The survey also found that over the past year, 30 per cent of UK savers made changes to their retirement investments, slightly down from 32 per cent in 2024.

However, worries about inflation and living costs remained acute, as half of the respondents cited inflation’s impact on purchasing power as their top financial challenge, while 46 per cent pointed to housing costs.

Indeed, the proportion struggling to manage day-to-day financial obligations also rose from 31 per cent in 2024 to 35 per cent this year, underscoring the ongoing strain of the cost-of-living crisis.

These concerns mirrored the findings of MFS’s 2024 and 2023 surveys, which showed that economic uncertainty and rising expenses had left many members feeling unable to plan effectively for the long term or confident in their ability to generate sufficient income in retirement.

In addition, the latest research highlighted a growing disconnect between expectations of a phased retirement and the reality experienced by many retirees.

While 70 per cent of current members expected to reduce work gradually, only 35 per cent of retirees said this had been their experience.

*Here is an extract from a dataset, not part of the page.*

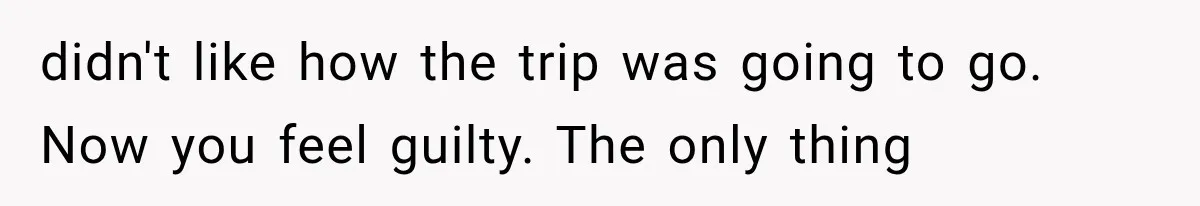 didn't like how the trip was going to go. Now you feel guilty. The only thing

Conversely, 62 per cent of retirees reported that their working life ended abruptly, compared with just 17 per cent of workers who expected a “hard stop”.

“The stark contrast between expectations and reality highlights the importance of preparing for unexpected retirement scenarios,” Crabtree said, noting that health issues, job loss, or caregiving responsibilities can all force earlier-than-planned exits from the workforce.

The report also explored how different generations approached financial advice.

It found that Gen Z participants were most likely to turn to online sources, reflecting their digital-first mindset, while Millennials preferred a mix of virtual and in-person advice.

Gen X respondents tended to rely on employers and plan providers, while Boomers continued to favour traditional face-to-face consultations, albeit with growing engagement in online resources.

Notably, predictability of payments emerged as the top priority for both members and retirees, closely followed by flexibility in withdrawals.

“Predictability of payments is key for DC pension members in the UK,” stressed Crabtree.

She argued that while flexibility was valued, the assurance of consistent income empowers individuals to plan their retirement with confidence and security.

Meanwhile, interest in environmental, social and governance (ESG) investing within retirement plans also remained strong, with 75 per cent of respondents expressing enthusiasm for sustainable options.

Gen Z showed the highest interest at 88 per cent, followed by Millennials at 83 per cent, while Gen X and Boomers registered lower but still notable levels at 68 and 66 per cent, respectively.

Crabtree concluded that the survey findings underscored “a sobering reality”.

She urged pension providers to prioritise clear, jargon-free information and digital tools that empower members with personalised projections and practical guidance.

“Bridging the gap between complexity and confidence will be essential to help savers feel more secure about their financial futures,” she added.

The findings add to a growing body of evidence highlighting a crisis of confidence in the UK’s retirement landscape.

Recent research has pointed to widespread uncertainty about retirement readiness, with cost-of-living pressures, inflation and complex pension choices continuing to weigh heavily on savers’ outlook.